A reduction in mortgage servicing fees by the GSEs would be a "meaningful positive" for the industry, according to analysts with KBW's Keefe Bruyette & Woods.

In a note issued Wednesday in reaction to an American Banker story that reported that the GSEs are considering such a move, the analysts wrote that gain-on-sale revenues booked when originators sell mortgages are set by the market and should encompass the true cost of servicing. A lower servicing fee would not change overall gain-on-sale revenues, but simply reduce the amount of mortgage servicing rights booked and increase cash gains.

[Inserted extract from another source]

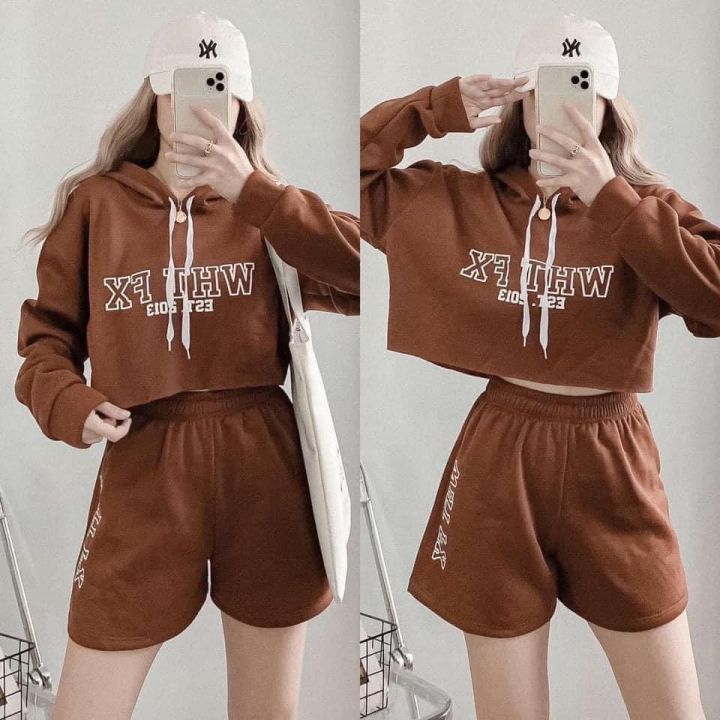 Lazada crop deals top hoodie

Thus, originators would be allowed to "hold and fund smaller MSRs," volatile intangible assets that can account for no more than 10% of Tier 1 common equity under Basel III. A reduction would "be a significant positive from a capital perspective."

The conclusion assumes that the current standard GSE servicing fee of a quarter of 1% of principal balances exceeds the actual costs of servicing, and the KBW analysts wrote that "if an originator did not like a lower servicing fee and wanted more servicing revenue, it could simply retain more excess servicing and replicate the position it had before servicing fees were reduced."

As a window on the possible impact of a cut, the KBW analysts cited a reduction in the servicing fee for adjustable-rate mortgages by Fannie Mae in 2006 that they believe had "no impact on gain-on-sale margins of that product."